Они имели в виду, главным образом, сельских старост.
Мой земляк прав: в любой стране, освобожденной от немцев англичанами или американцами, моя мать получила бы награду. Но трибунал войск НКВД Московского округа, по крайней мере, отделил мою мать от тех, кто пошел служить в учреждения, созданные немцами, кто поступил в полицию.
Кто же они такие, за редким и случайным исключением?
Это были, главным образом, те, что с весны 38-го по весну 39-го года протомились безвинно в Калужской тюрьме, над кем издевались сотрудники Перемышльского районного отделения НКВД, кого они пытали, кого, как, например, Федора Прокуратова, продержав несколько дней в темной камере, выводили на яркий солнечный свет (это была еще одна из самых слабых мер воздействия), и кто имел счастье досидеть до конца ежовщины и кого выпустили без суда или после суда.
Благодать христианского всепрощения дается не всем. Этими людьми руководило чувство мести. После пережитого они считали своими не русских мастеров заплечных дел, а немцев, ставивших перед собой, среди других целей, цель свергнуть власть этих мастеров. Что у Гитлера его заплечных дел мастера тоже в чести и у власти – об этом они тогда еще не имели понятия.

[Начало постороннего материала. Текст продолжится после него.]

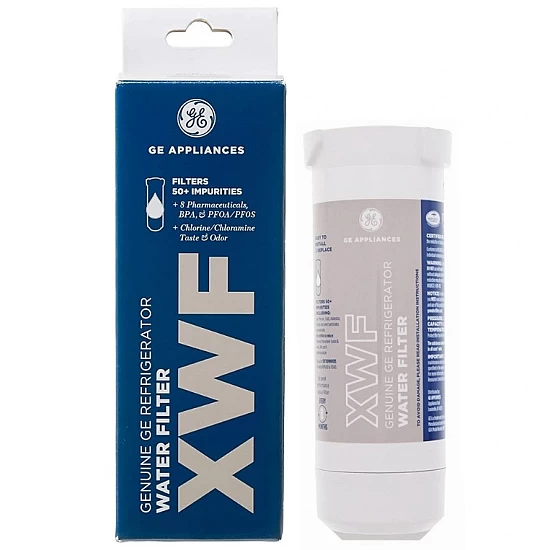 Waterfilter IOMABE XWF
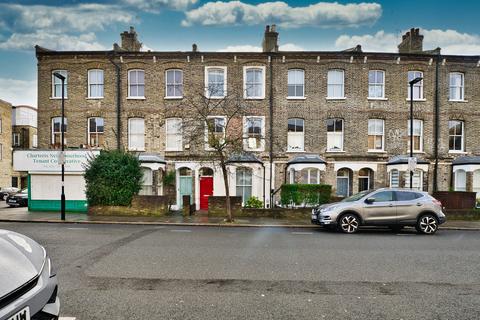 1 bedroom apartment to rent, Moray Road, Finsbury Park, Stroud Green, London, N4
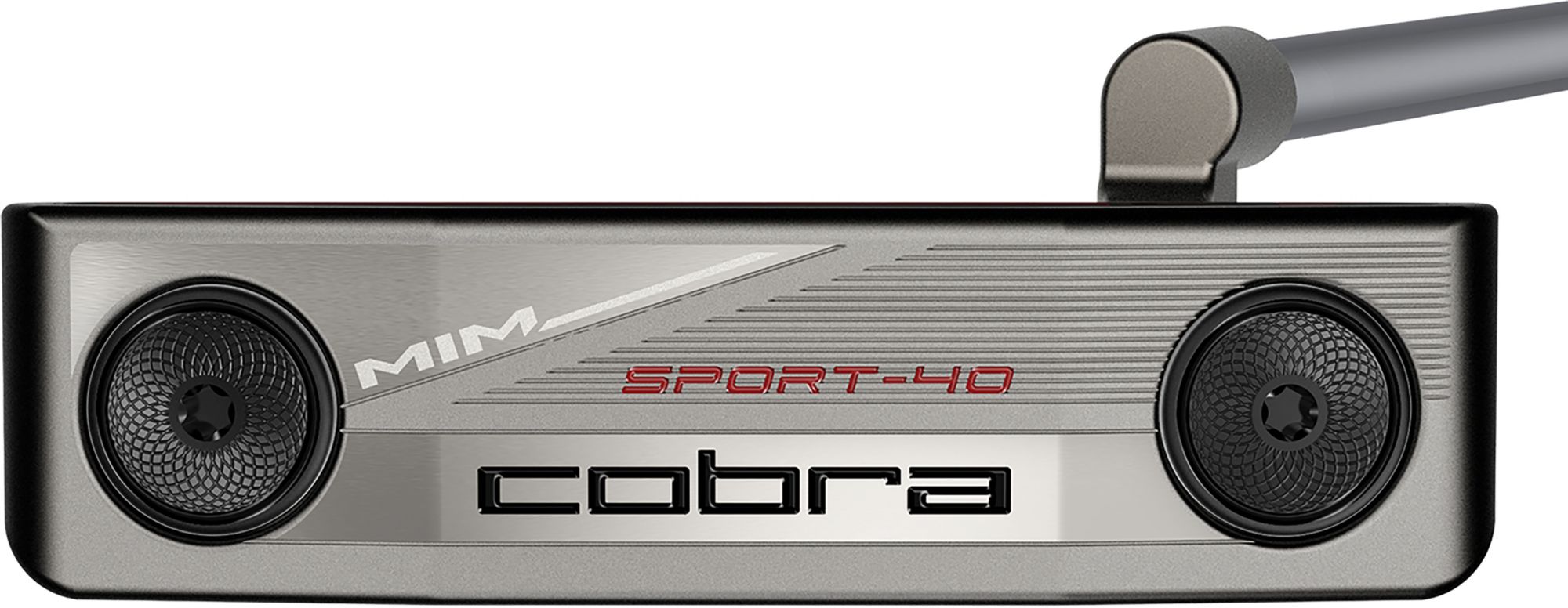 Cobra MIM Sport-40 Putter product image
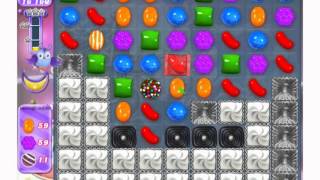 Candy Crush Saga Dreamworld Level 146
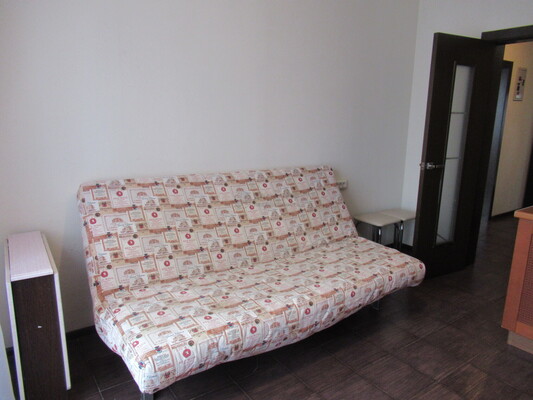 Продам однокомнатную (1-комн.) квартиру, Лобачевского ул, 45, Москва г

Задумывались ли мы над тем, почему так много самого разного люда, – вовсе не одни только «бывшие», – оказалось после Октябрьской революции на чужбине? Во Франции образовалось не «болото эмигрантщины», как с чужих голосов попугайничали мы, а целое русское государство. Какое там скопилось обилие умов и талантов!
Задумывались ли мы над тем, почему за границей очутились не только монархист-прогрессист Шульгин, не только октябрист Гучков, но и кадет Милюков, эсеры Чернов и Савинков, участвовавший в убийстве великого князя Сергея Александровича, меньшевик Дан, тенор Смирнов, Шаляпин, Рахманинов, Вертинский, знаменитые мастера балета, Константин Коровин, Бенуа, Добужинский, Репин, Сомов, Малявин, артисты Художественного театра Массалитинов и Чехов, Балиев со своим театром «Летучая мышь», еврейский театр «Габима», адвокат Карабчевский, Мережковский, Гиппиус, Бальмонт, Вячеслав Иванов, философов, Гусев-Оренбургский, Амфитеатров, Бунин, Куприн, Зайцев, Шмелев, Чириков, Наживин, Ремизов, Аверченко, Саша Черный, Тэффи, Дорошевич, Сургучев, Марина Цветаева, Георгий Иванов, Георгий Адамович, Владислав Ходасевич, шахматист Алехин, Нимцович, Тартаковер, Боголюбов, Рубинштейн? И, кстати, сколькие уцелели благодаря тому, что очутились в эмиграции! Гибели оставшихся в России Флоренского, Вавилова, Гумилева, Чаянова, гибели хотя бы четырех таких умов и дарований Октябрьская революция не стоит. Это цена непомерно высокая даже и для более удачной революции, а у нас, как говорил Георгий Авксентьевич Траубенберг, ' воцарилось «хамо-бандитское» правительство и царит по сей день.